Each collaborator was loyal to these overall goals in day-to-day decisions.

Process

Over several months, I gained confidence in a symbiotic end-state for Careem and Uber.

Through unrelenting collaboration with Engineers, Project Managers, and fellow Product Managers at Careem and Uber, I stretched outside of my regular domains and joined colleagues in efforts to pilot the Careem Rider<>Uber Driver pairing in Bahrain.

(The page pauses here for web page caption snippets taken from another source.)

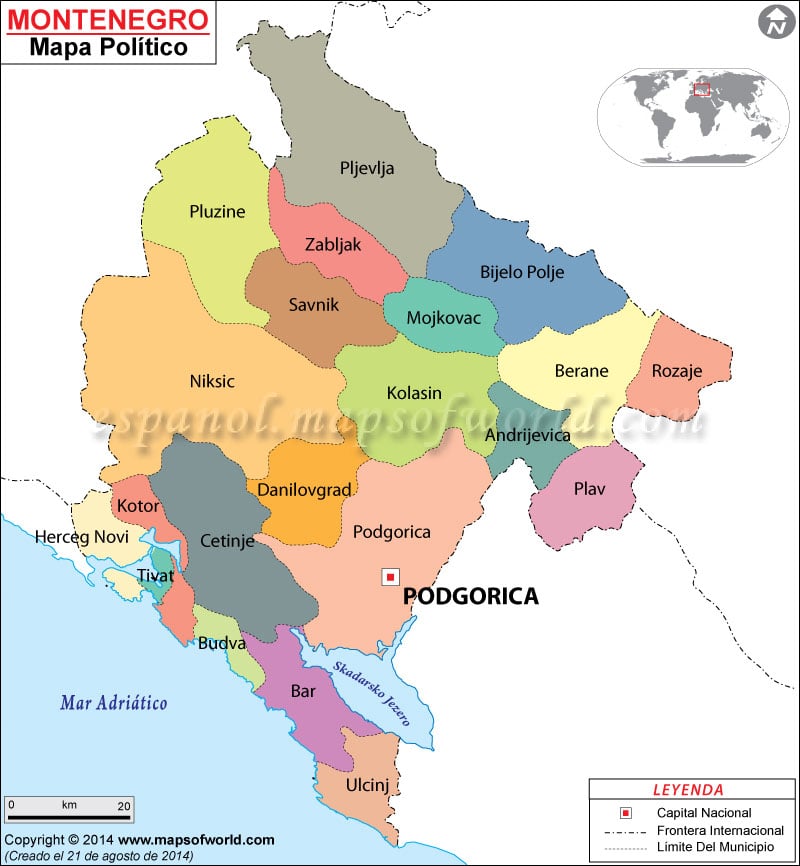 Montenegro Mapa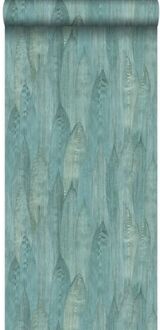 Origin Wallcoverings eco-texture vliesbehang bladeren lagunegroen - 53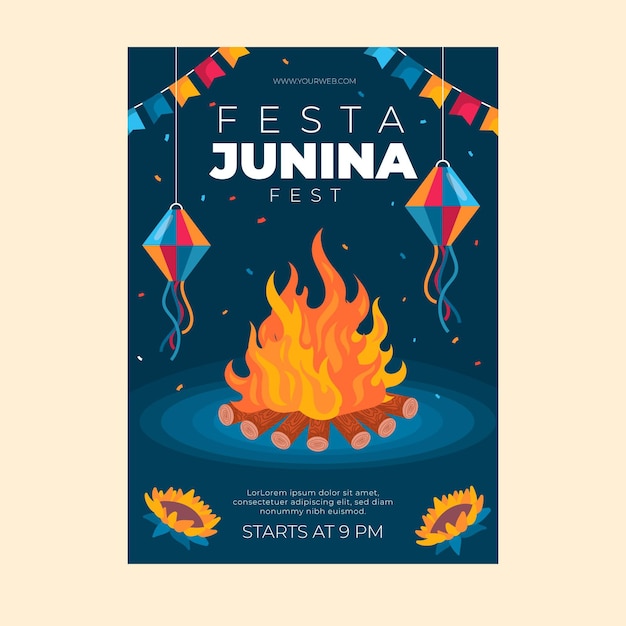 Gratis vector platte festa junina verticale poster sjabloon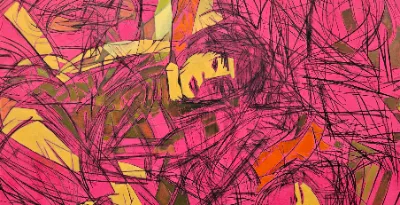Abstract painting with colorful swirls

The granular objectives of this collaboration evolved frequently, but the collaboration, itself, consistently prioritized:

Alignment on Current-State

Originally, I was unfamiliar with the capabilities of the Careem mobile application. To this day, I haven’t requested a ride on Careem. More immediately than warranting travel to Bahrain, this merited deep-dives with authorities —my partners— on Careem’s feature set and their technical parameters.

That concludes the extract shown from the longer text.